Llego a Leipzig ya de noche cerrada, y me reconfortan con sopa de gulash. Al día siguiente celebramos el aniversario del tío de Kathleen, que se llama Jürgen. Esto de los cumpleaños en Alemania es cosa seria, sobre todo cuando la cifra es redonda y simbólica, como es el caso. Muy de mañana cogemos un cercanías hasta Oschatz. Allí abordamos otro, con una locomotora de vapor. Jürgen ha reservado un vagón entero, en el que nos aguardan dos cajas de cerveza Krostitzer y botellines de licor. Sus amigotes toman posiciones, y aún no son las 10 de la mañana.

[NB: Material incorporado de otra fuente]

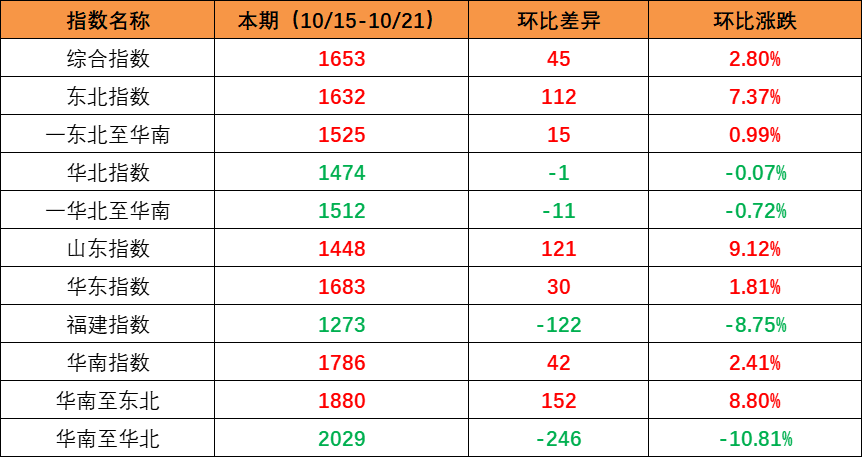尊龙时凯·(中国区)人生就是拼搏!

En el vagón correo despachan salchichas grandes como el brazo de un párvulo. El maquinista me deja subir a la locomotora, mirar dentro de la caldera y tocar el silbato.
La locomotora atraviesa con paso trotón varias localidades endomingadas, y al cabo de una hora o cosa así nos suelta en un apeadero, entre campos de labranza. Caminamos hasta una taberna en la que comemos soljanka y schnitzel. Cuando retiran los platos un reloj provinciano da las doce. Nuevo tren, esta vez con tracción diesel, hasta Glossen. Allí hubo una mina de cuarcita, que hoy gestiona una asociación de voluntarios como atracción turística. Para visitarla hay que montar en un trenecito minero que parece salido de un parque de atracciones: lo tira una máquina de gasóleo con apenas veinte o treinta caballos de potencia, fabricada en 1956 por la fábrica «Karl Marx» de Babelsberg; discurre por una vía de 60 cm de ancho, a través de un hayedo, hasta lo que un día fueron los yacimientos de superficie. Estas instalaciones proletarias, arruinadas tras la Reunificación, suscitan hoy la curiosidad y el orgullo locales. Jürgen y sus amigos adquieren y restauran maquinaria industrial de hace cincuenta años con nostalgia indisimulada. A las seis de la tarde estamos en el tren de vuelta, y se han agotado las cervezas.
Domingo: dos horas de lectura, otro schnitzel, IC a Hannover, ICE a Colonia, veinte minutos para comer tallarines con pollo, ICE a L***, una hora y media de espera absurda en la absurda estación de Calatrava, y el último tren regional a T*** ya pasamos de cogerlo y nos vamos en autobús.